-- ENTRIES SHOWN --
+ + + + +

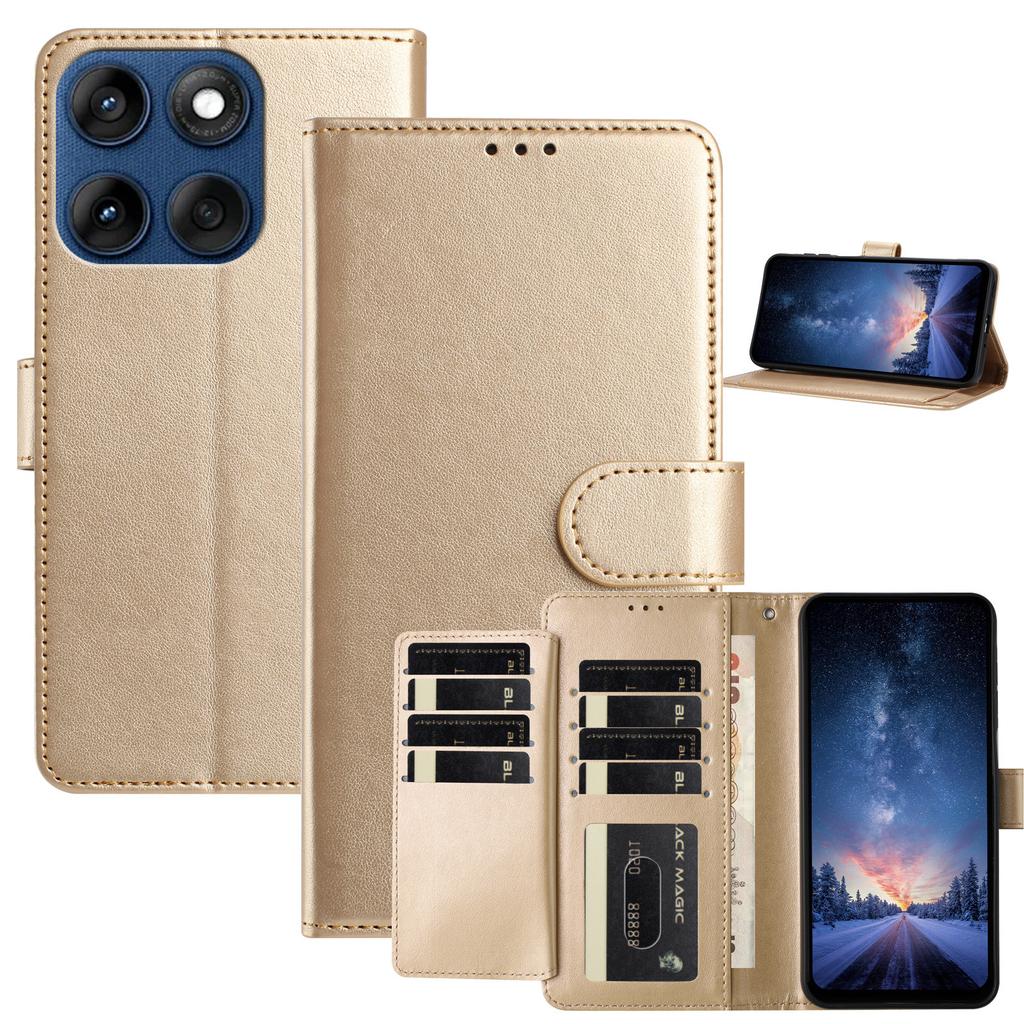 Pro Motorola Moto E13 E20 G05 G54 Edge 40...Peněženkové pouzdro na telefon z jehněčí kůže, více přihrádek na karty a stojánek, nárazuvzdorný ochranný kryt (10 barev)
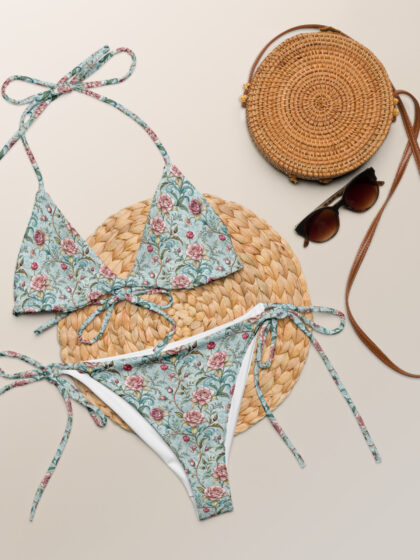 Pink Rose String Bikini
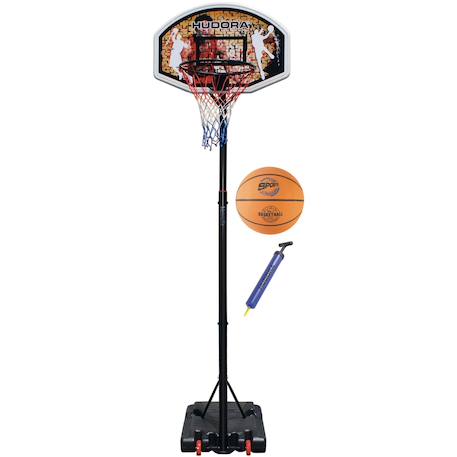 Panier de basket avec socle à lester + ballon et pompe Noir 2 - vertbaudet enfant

+ + + + +

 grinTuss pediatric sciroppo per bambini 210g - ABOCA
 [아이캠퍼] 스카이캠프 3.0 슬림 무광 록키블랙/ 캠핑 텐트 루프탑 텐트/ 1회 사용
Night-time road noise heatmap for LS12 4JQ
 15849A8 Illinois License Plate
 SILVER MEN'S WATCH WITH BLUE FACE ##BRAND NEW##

+ + + + +

-- REQUIREMENT --
Starting at the line above that has "Pro Motorola Moto" and ending at the line that has "Pink Rose String Bikini", copy each line exactly, leaving the pictures out and adding nothing.

-- ANSWER TO THE EXERCISE --
 Pro Motorola Moto E13 E20 G05 G54 Edge 40...Peněženkové pouzdro na telefon z jehněčí kůže, více přihrádek na karty a stojánek, nárazuvzdorný ochranný kryt (10 barev)
 Pink Rose String Bikini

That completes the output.